How that plays into the whole issue of addiction and pseudo addiction is a whole other thread.

Specializes in Infusion Nursing, Home Health Infusion.

When you have chronic pain and are being treated with narcotics you do become dependent on the medication and that is very different than being addicted.If you are using your medication as prescribed you do not get a high feeling nor do you feel impaired. You can actually function and focus better because your mind is off the pain and your level of stress is much lower as you are not searching for a way to get some relief!

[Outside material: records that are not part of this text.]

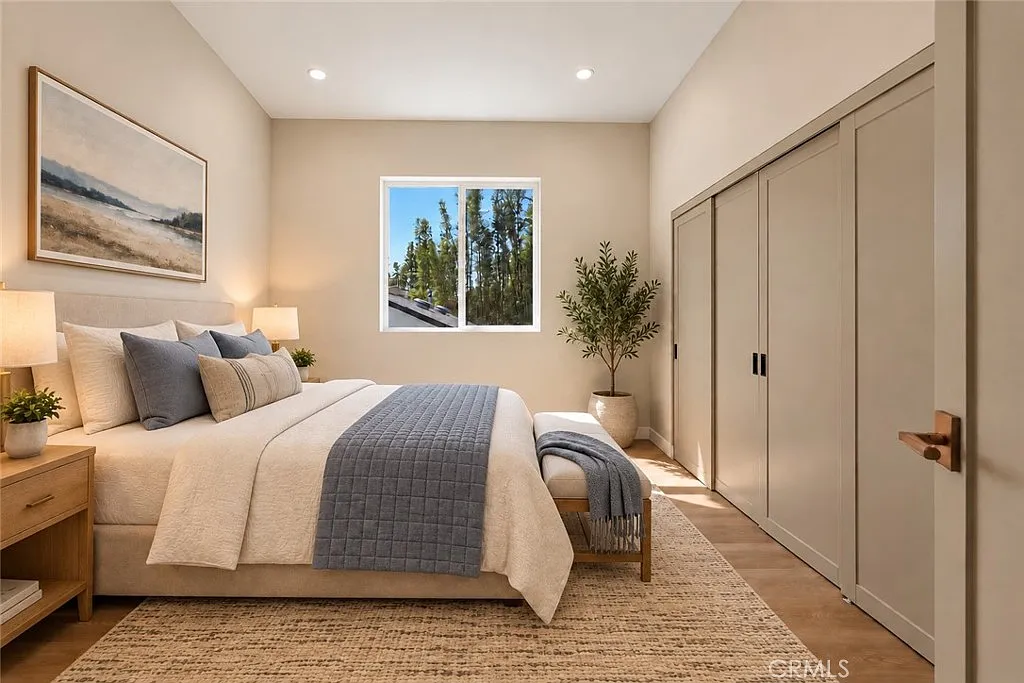 4 bed, 1925 sqft, $7,785 — Photo 4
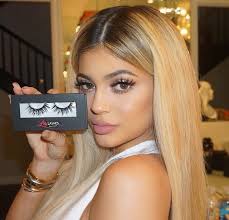 Kendall jenner s everyday makeup look genelle you kendall jenner shares her morning beauty routine secrets kendall jenner natural glowing makeup tutorial 2017 kendall jenner shared her 2 minute beauty routine insider. Have You Ever Noticed This About Kylie Jenner S Eyes Kylie Jenner Eyelashes Jenner Hair Beauty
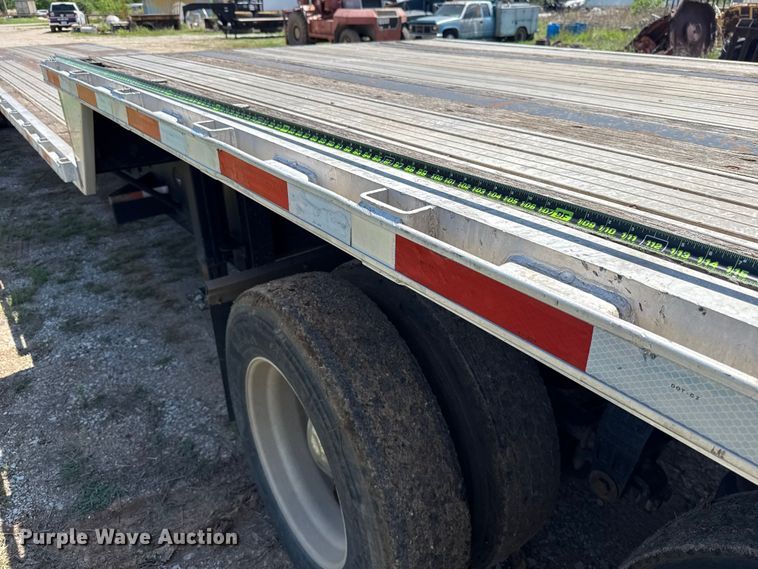 image for item NK9227 2000 Transcraft DTL-2000 drop deck trailer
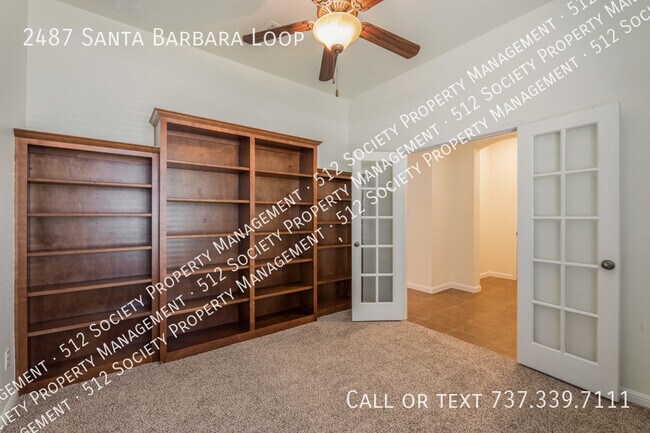 Foto del edificio - 2487 Santa Barbara Loop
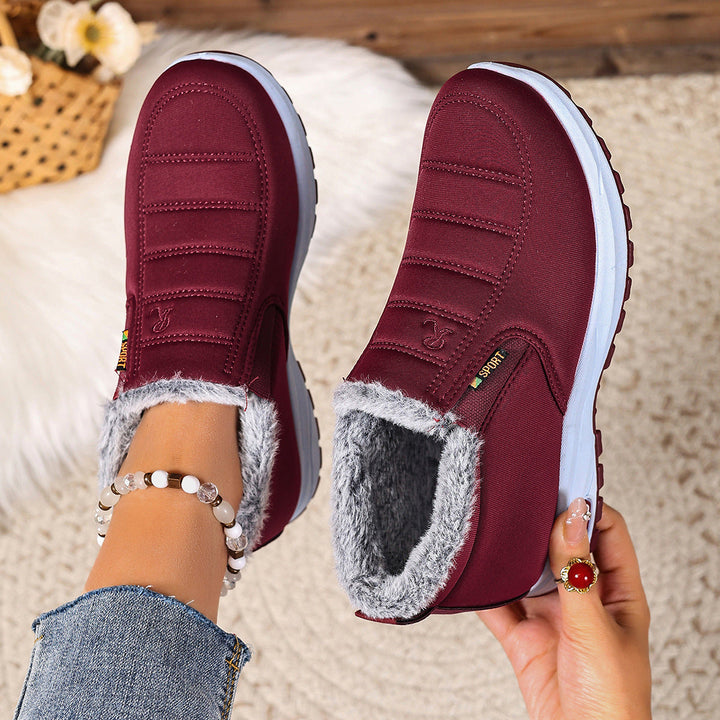 Lune London | Women's Winter Slip-On Sneakers Warm Lining & Non-Slip Sole Plus Sizes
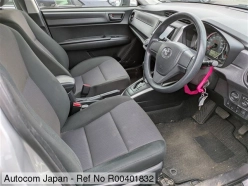 TOYOTA FIELDER X 2019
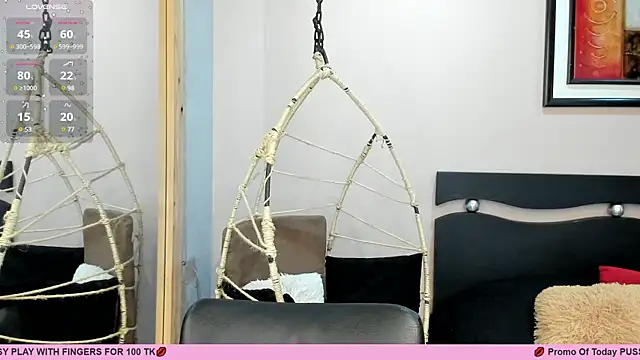 Snapshot of LenaRuiz_ chatting on 02-28-25, 12:09 LenaRuiz online show from 02-28-25, 12:09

Specializes in Tele, OB, public health.

I disagree that pain is totally subjective. When someone claims they're in 10/10 pain while calmly texting and VS are WDL, I think it's pretty evident they're not

I disagree that pain is totally subjective. When someone claims they're in 10/10 pain while calmly texting and VS are WDL, I think it's pretty evident they're not

I think at times it's pretty evident they're lying, or perhaps they really don't understand what 10/10 means.

Specializes in Hospice.
I disagree that pain is totally subjective. When someone claims they're in 10/10 pain while calmly texting and VS are WDL, I think it's pretty evident they're not

No, actually, it's not evident at all. If the only factors you consider when assessing pain are demeanor and vital signs, then you aren't assessing anything but your own preconceptions.

Specializes in Geriatrics, Dialysis.

I work in LTC and over the past six months our primary provider started decreasing and in many cases discontinuing long term narcotics. Not a single resident had an adverse effect from the reductions. No increased pain subjectively stated or objectively observed. No increase or changes in anxiety levels for residents that had those meds decreased or changed to non-narcotic options. PRN use of meds for breakthrough pain has not increased and in fact has decreased. So from personal observation I would have to agree that over prescription of these meds is not necessarily a good way to manage pain.

Specializes in Cardiac, Home Health, Primary Care.

When someone say their pain is 12/10 (like they do) and they are sitting calmly it's tough to believe them. I understand chronic pain patients do learn to live with their pain but I always want to ask if I took a hammer to their foot what would their pain be then? Comparable to where their pain sits day in and day out or worse? If it's worse when I take a hammer to their foot (hypothetically) then they are NOT maxed out on the pain scale.

Specializes in SICU, trauma, neuro.
When someone say their pain is 12/10 (like they do) and they are sitting calmly it's tough to believe them. I understand chronic pain patients do learn to live with their pain but I always want to ask if I took a hammer to their foot what would their pain be then? Comparable to where their pain sits day in and day out or worse? If it's worse when I take a hammer to their foot (hypothetically) then they are NOT maxed out on the pain scale.

A hammer to the foot is also an example of very acute pain...which nobody would have developed coping skills for.

I am not a chronic pain sufferer, but have friends and family members who live in pain every day, every waking moment. And no, they don't act like someone just took a hammer to their foot.

I actually find hyperbolic illustrations of "10/10" annoying. On one occasion I rated (acute) pain 10. It was a post-traumatic spontaneous corneal erosion. Yup, a sore eye. Again just my opinion and experience as a pt, but I would have been pretty upset if a nurse had said "Well a 10 is the worst pain you can imagine, like if someone cut your legs off and set you on fire." No, I just said it was a 10 beecause I am in agony and that scale is one way I had to convey that.